How Different is Social Commerce from eCommerce
Although both these terms can mean the same thing, they are two different concepts used to achieve a common result, sales. In simple terms, eCommerce provides an online shopping experience for checking the products and making the purchase. However, social media commerce implements marketing strategies to reach the direct customer looking to purchase a certain product and redirect them to the website to complete the purchase journey.
In today’s market, with an increase in mobile devices and access to the internet, users are shopping sporadically, with a cart abandonment rate of over 85%. Either, the websites are not mobile-friendly, or the attention span is reduced. Whatever the reason may be, social commerce comes as a handy solution to fix these issues.
Most brands prefer for customers to shop at their comfort and convenience. So instead of redirecting them to the website, users can now shop from the social apps themselves by removing the extra effort and creating a frictionless experience for the customers.

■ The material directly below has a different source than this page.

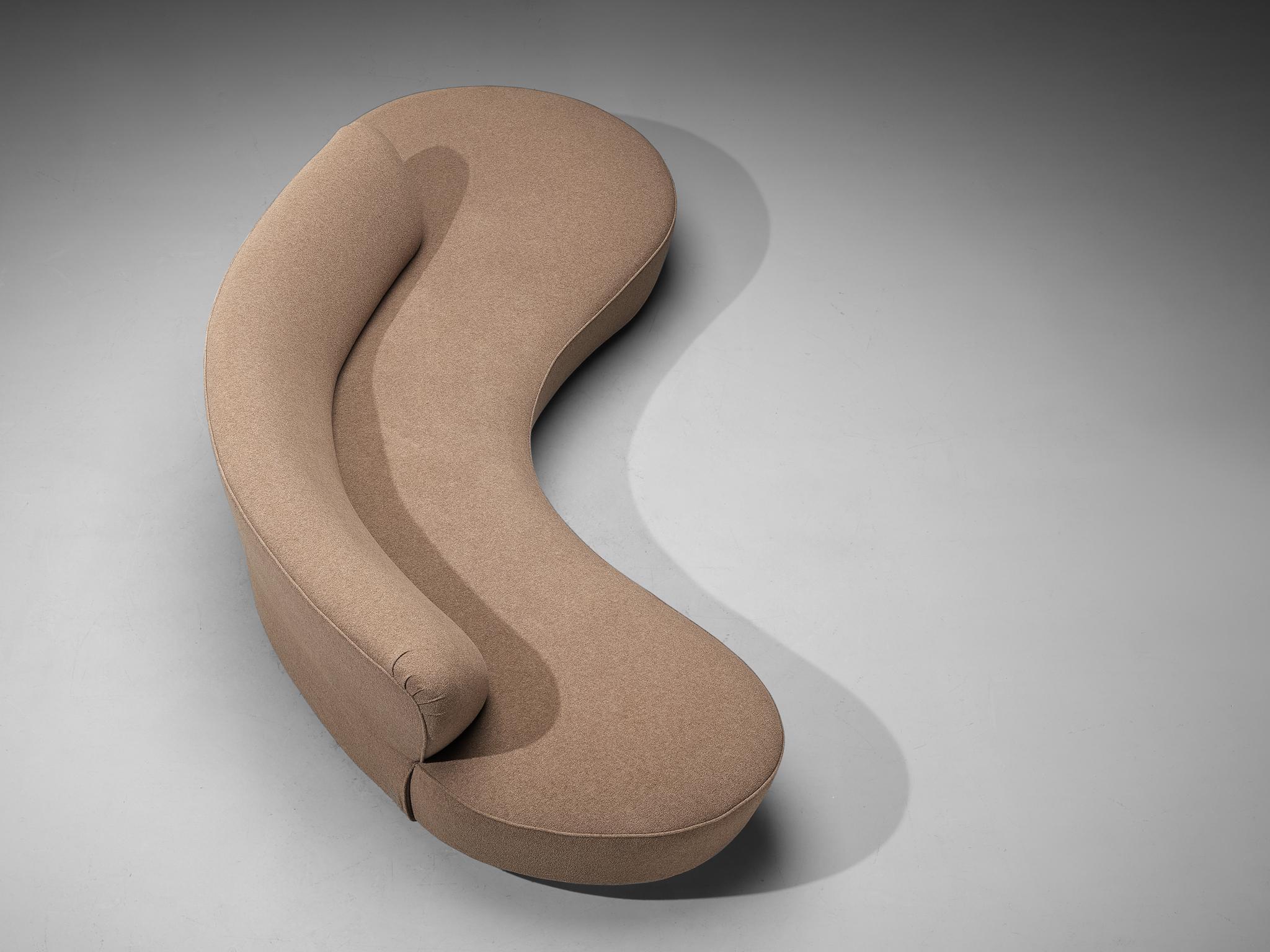 Ikonisches Vladimir Kagan 'Serpentine' Sofa in Beige gepolstert im Angebot 3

Examples of Social Commerce
It is basically defined as selling and promoting products within the social media space. Here customers can perform product comparisons and directly purchase from the app itself, instead of going to the website. We have a couple of apps dominating the social media space like Instagram, Facebook, Twitter, TikTok, and Pinterest, which could help you set up your own social commerce strategy.

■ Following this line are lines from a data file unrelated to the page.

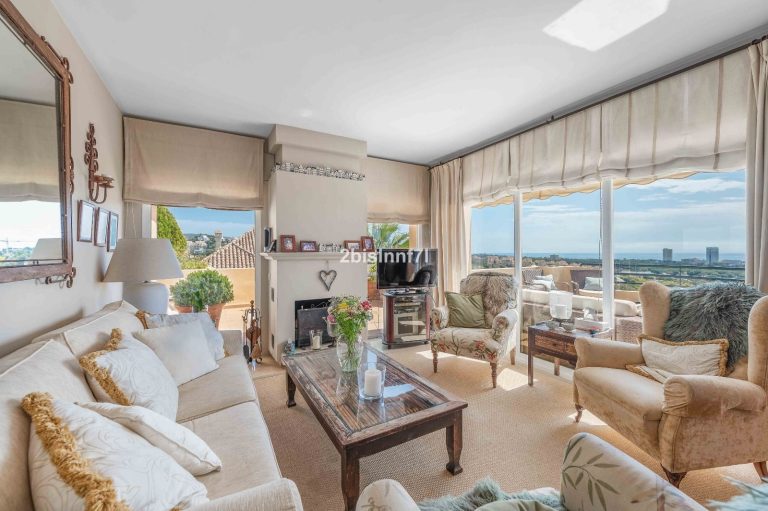 f015e3f7d1f59b643685a6ce073c9ef7 - 4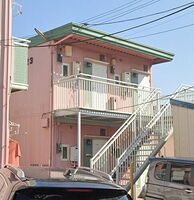 神奈川県横浜市南区中里1丁目 2階建 築38年4ヶ月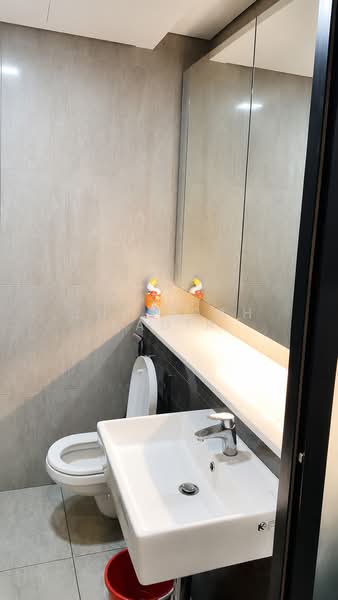 Service Residence for Sale at Cantara Residences - Zubaidah Kadir - Bathroom - PropertyGuru.com.my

Sales have doubled on Facebook, ever since the “Shop Now” shopping experience is created in the app. Messenger is used avidly used by brands and bots to interact with customers at each stage of the sales funnel. Here the look and feel of all the brands functioning in this space have a similar layout for uploading products, customizing catalogs, selling from the page directly, managing orders, creating ads for high-rated products, and getting visibility into insights. Here in this space, you can select the top-performing products to easily navigate through the e-shop on Facebook.
More than Facebook, users turn to Instagram to check the brand presence and for product discovery. Maybe the features allow users to tap on images and view the featured product description. Brands can work on creating great aesthetics on the page and provide instant account creations to sell the goods. Brands create a business account and connect them with the Facebook page to provide easy access to the users by participating in brand collaborations and creating ads.

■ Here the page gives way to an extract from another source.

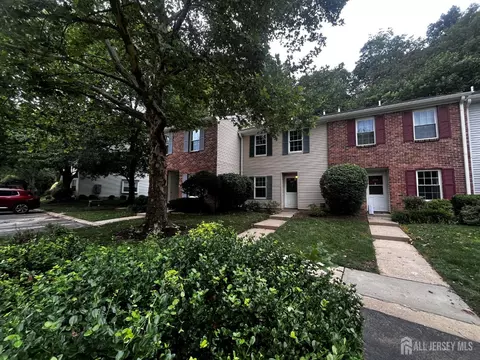260 Palombi Ct, East Brunswick, NJ 08816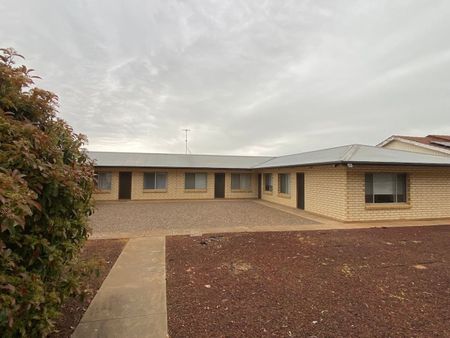 Neat One Bedroom Unit in Quiet Group - Photo 2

This Chinese-based app brings new skin to the game. This app is the favorite for most users because of the way it is built. It is far more than just a short-form video-sharing app, with features like live streaming, shoppable content, and immense opportunities for influencer marketing by reaching out to millions of new customers.
Benefits of Having a Social Media Presence
A recent study has shown us that there are over 4 billion social media users globally in 2022, and this number will only be growing in the future. Users are starting to get more comfortable with shopping through social media and there is a huge opportunity for brands to thrive in this space and grow their audience exponentially. Customers today show a high level of instant and impulse buying and brands can leverage this purchase behavior, by offering minimal disruption.
Brands also work on creating social proof because shoppers need to trust your brand and get convinced that the purchase will be worth it by going through reviews, product comparisons, and talking to fellow users who can vouch for your services. The proof is usually built by checking out user-generated content like comments, likes, shares, and follower reach. Brands also look at giving away coupons, discounts, and offers to get new customers onboard.